Carlsbad Caverns

Worlds Best Subterranean Attractions


From mines to secret bunkers, these are some of the world’s best subterranean attractions, underground marvels far below the surface of the earth that are strictly not for the claustrophobic.

Cabinet War Rooms

Churchill War Rooms
(Image by siegertmarc on Flickr)

Underneath the corridors of power in London’s Whitehall district is a plainly decorated bunker that belies its incredible history. The Cabinet War Rooms, some 10 feet below ground level, is a sprawling complex of almost 30,000 square feet where historic figures such as Winston Churchill made the decisions that changed the course of history during the 2nd World War.

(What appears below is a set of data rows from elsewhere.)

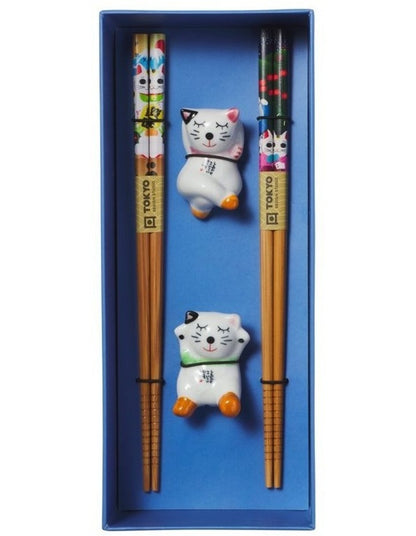 Chopstick Lucky Cat Chopsticks with Rest Hanami 4pc Gift Boxed Assorted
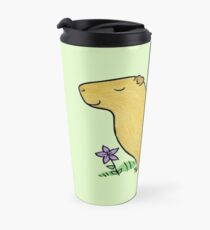 Capybara with Purple Flower Travel Mug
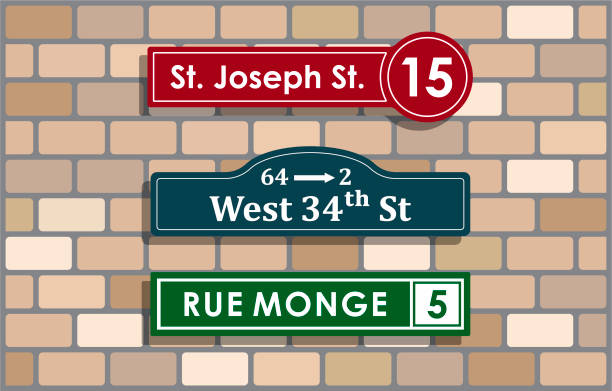 Address plaques on a brick wall Address plaques on a brick wall concept illustration house numbers stock illustrations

With offices, broadcasting facilities and bedrooms, the war rooms were designed to resist bombs of up to 500 lbs, and the location was kept a secret to all but the most senior officials. Today there is less mystery about the bunker, and tourists have been able to tour the facility since it opened to the public in 1983.

Cu Chi Tunnels

Cu Chi Tunnels
(Image by David McKelvey on Flickr)

Also established during a time of warfare, the 75 mile long Cu Chi Tunnels in northwest Vietnam were first dug out of the earth some time in the 1960s. Built as a base for the communist Viet Cong, and as a way to move soldiers and weapons through the country surreptitiously, the tunnels were a thorn in the side of the American army until they withdraw from the conflict in 1972. Preserved by the Vietnamese government, the tunnels are now one of the most popular tourist attractions in southern Vietnam. Crawling through many of the passageways can be a tight squeeze, however, with some of the smallest being only 30 inches tall and 18 inches wide, so think about trimming down before visiting.

Terracotta Army

Terracotta Army
(Image by kevinpoh on Flickr)

Though this next site also housed a large army, it has little to do with war. The Terracotta Army in Shaanxi, China is one of the world’s most spectacular underground attractions, with over 8500 distinct life-sized terracotta figurines of soldiers, chariots and horses. Discovered in 1974 by a group of farmers digging a well, the army is believed to have been constructed in the third century BC to guard the soul of emperor Qi Shi Huang in the afterlife. If you can’t visit this archaeological relic, make sure to catch members of the Army as they tour the globe, exhibiting in museums and galleries around the world.

Chauvet Caves

Chauvets Cave
(Image by The Adventurous Eye on Flickr)

Other subterranean attractions known for their ancient art are the Chauvet Caves in the Ardeche department of France, known for oldest known rock art in existence and first discovered in 1994. Dating from as far back as the Aurignacian era, the earliest paintings in this dark, cavernous have endured in the dark for almost 32,000 years. Most images on the cave walls show animals such as horses, cattle and reindeer, though rarer, more exotic creatures like panthers, hyenas and rhinos are also depicted.

Wieliczka Salt Mine

Wieliczka Salt Mine
(Image by Michael O. on Flickr)

Not so old, but just as spectacular, the Wieliczka Salt Mine some 64 metres below the surface of southern Poland is home to a stunning collection of art, and even a cavernous chapel, carved out of rock salt by generations of miners. Some of the most impressive works include St Kinga’s Shaft, a floodlit grotto; a replica of Da Vinci’s Last Supper; a salt statue of Pope John Paul II and even an elaborate chandelier.

Carlsbad Caverns

Carlsbad Caverns
(Image by danlang on Flickr)

If you are looking for natural, rather than man-made, splendour, then head to the Carlsbad Caverns in New Mexico. One of the largest underground cave complexes in the world, this warren of underground delights offers huge chambers with some of the most unusual limestone formations to be found anywhere, including the Witches Finger, a corkscrew Stalagmite that stands more than 20 feet tall. The caverns are also home to almost 800,000 Mexican Free-tailed bats, and tourists can visit at dusk to watch them fly out of the cave entrances and into the sky. Yet with so many sharp stalagmites and stalactites sticking out from the floors and ceilings of this cave, be careful where you choose to sit!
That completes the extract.